─── AVAILABLE DATA

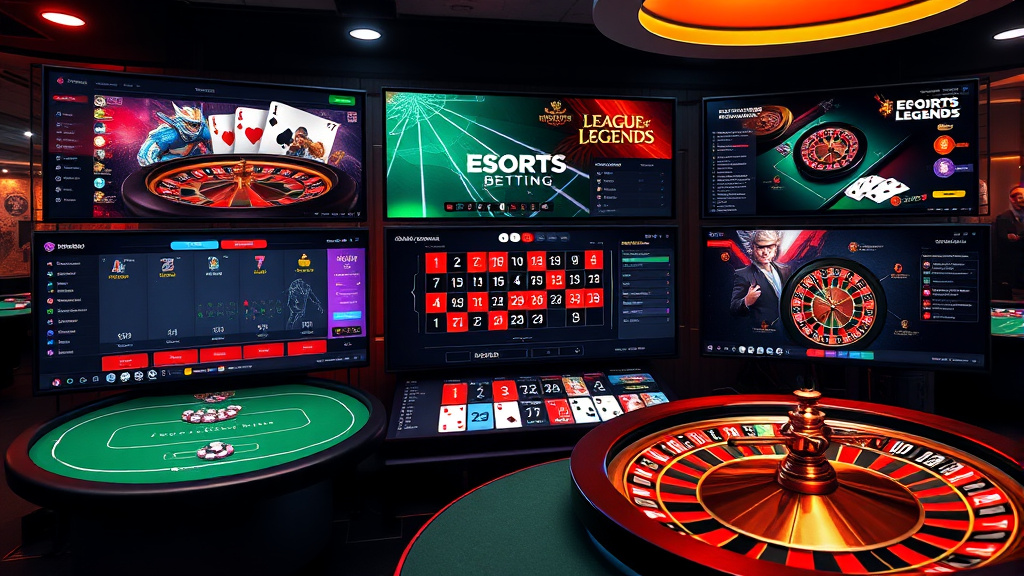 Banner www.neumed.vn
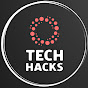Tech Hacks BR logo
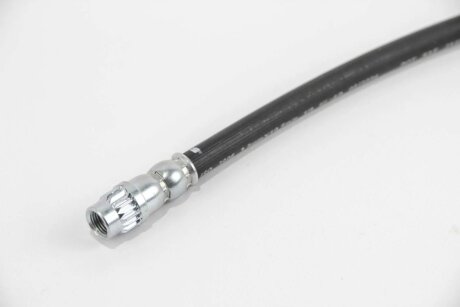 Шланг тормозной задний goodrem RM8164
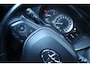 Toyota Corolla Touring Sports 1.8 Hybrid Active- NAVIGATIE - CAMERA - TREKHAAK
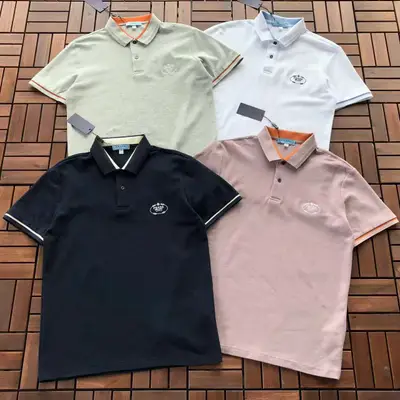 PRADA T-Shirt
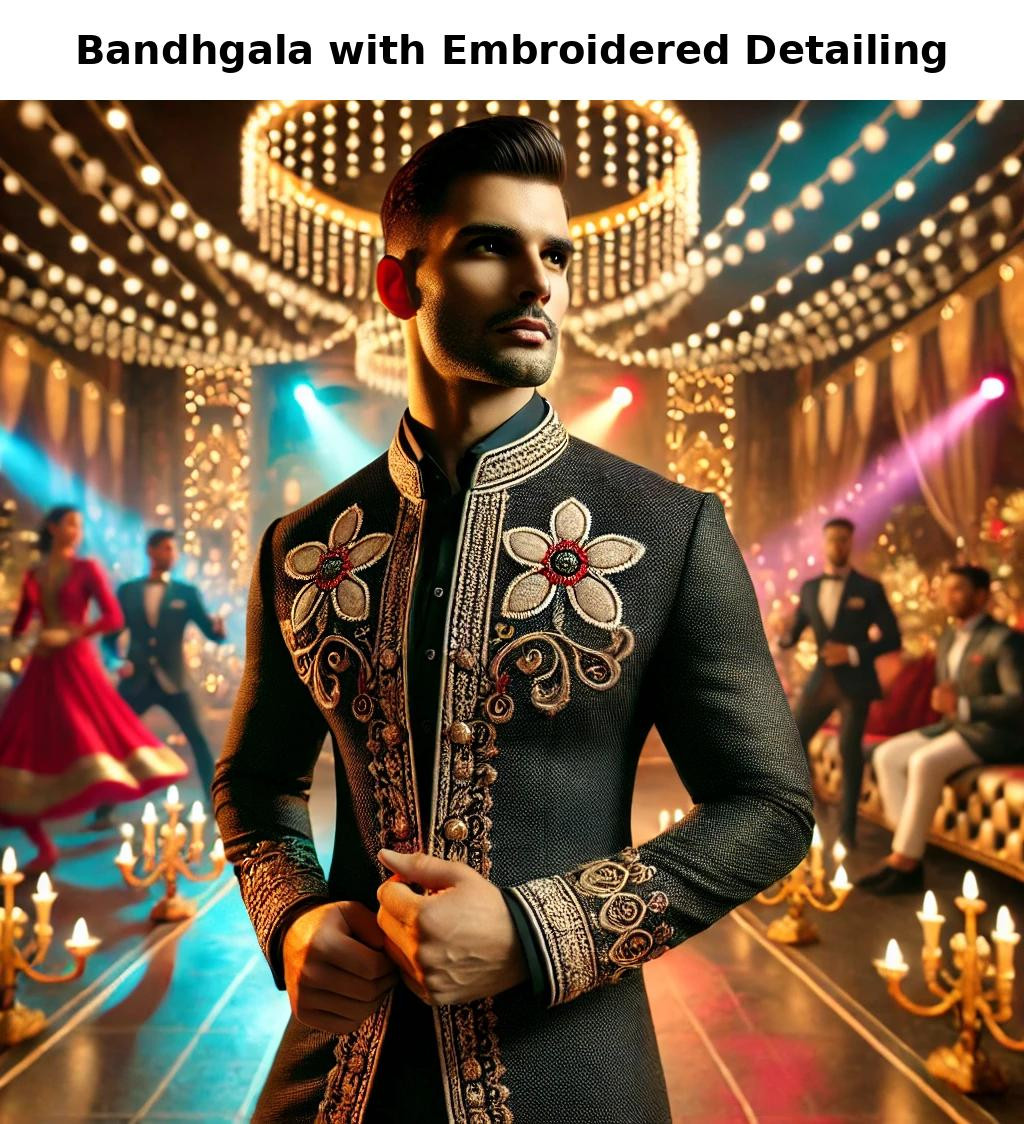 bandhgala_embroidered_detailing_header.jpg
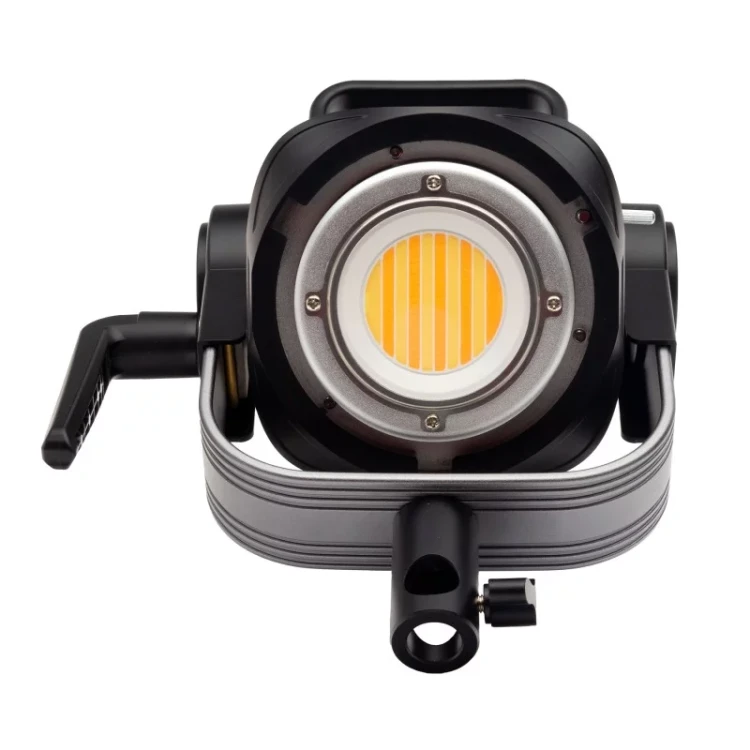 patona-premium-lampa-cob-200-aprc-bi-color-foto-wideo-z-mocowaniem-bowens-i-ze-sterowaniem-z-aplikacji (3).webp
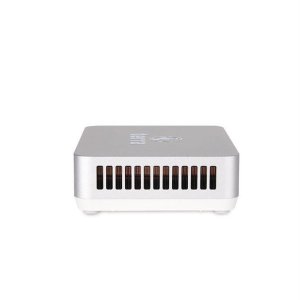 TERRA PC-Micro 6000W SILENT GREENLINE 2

──────
─── AVAILABLE DATA

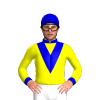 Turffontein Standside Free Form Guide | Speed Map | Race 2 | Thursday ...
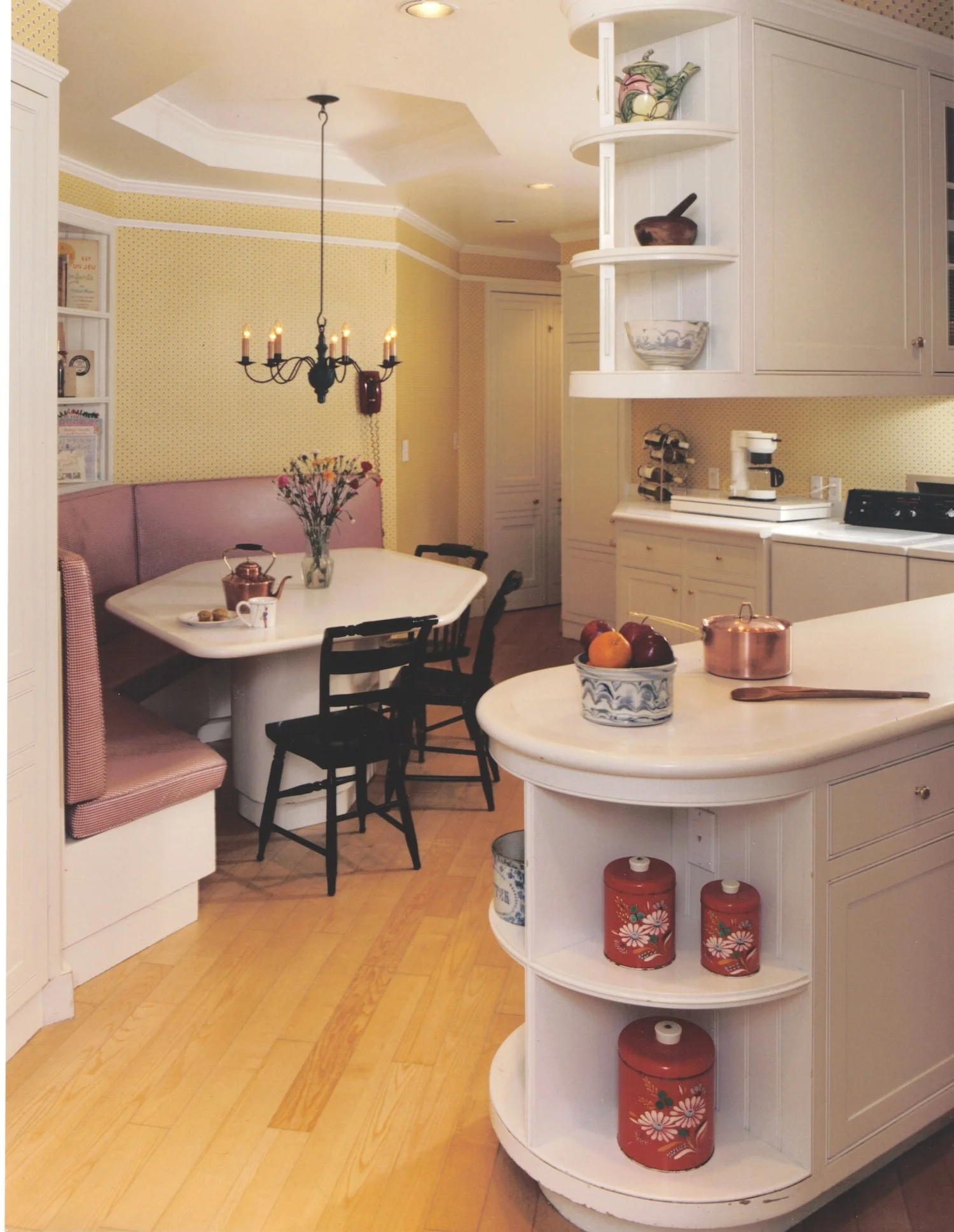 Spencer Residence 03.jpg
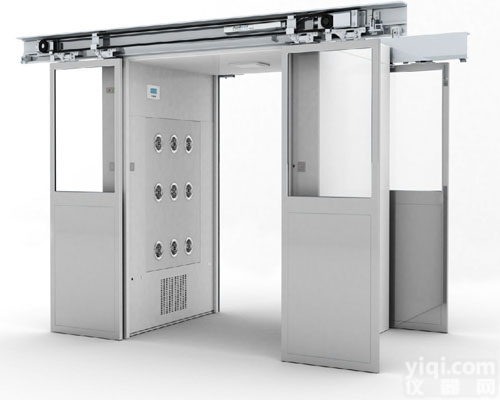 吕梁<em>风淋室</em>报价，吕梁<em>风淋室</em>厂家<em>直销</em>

──────
─── AVAILABLE DATA

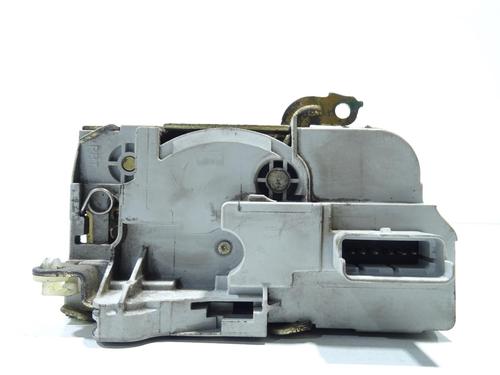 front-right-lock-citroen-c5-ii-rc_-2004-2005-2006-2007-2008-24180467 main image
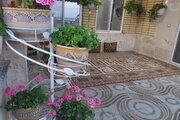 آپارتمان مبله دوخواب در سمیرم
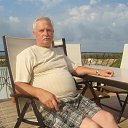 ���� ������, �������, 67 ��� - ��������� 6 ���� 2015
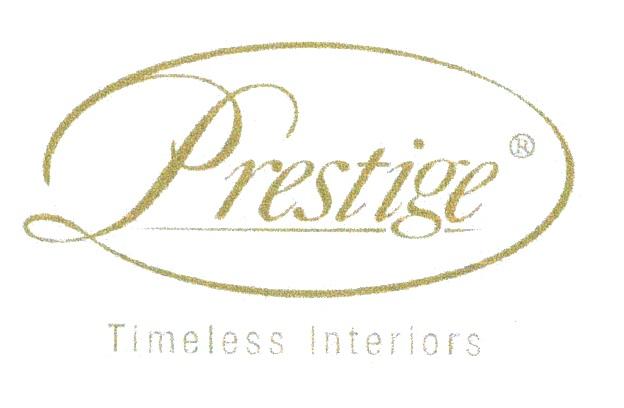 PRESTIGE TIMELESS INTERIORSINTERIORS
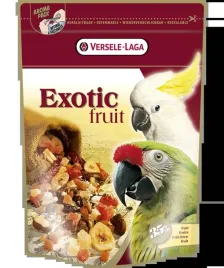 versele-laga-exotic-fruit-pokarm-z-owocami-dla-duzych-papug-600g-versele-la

──────

TASK GOAL: Return exactly the lines of the material above, starting at the line containing "Tech Hacks BR logo" and finishing at the line containing "TERRA PC-Micro 6000W SILENT GREENLINE 2", without any pictures.

RESULT OF THE EXERCISE:
Tech Hacks BR logo
 Шланг тормозной задний goodrem RM8164
 Toyota Corolla Touring Sports 1.8 Hybrid Active- NAVIGATIE - CAMERA - TREKHAAK
 PRADA T-Shirt
 bandhgala_embroidered_detailing_header.jpg
 patona-premium-lampa-cob-200-aprc-bi-color-foto-wideo-z-mocowaniem-bowens-i-ze-sterowaniem-z-aplikacji (3).webp
 TERRA PC-Micro 6000W SILENT GREENLINE 2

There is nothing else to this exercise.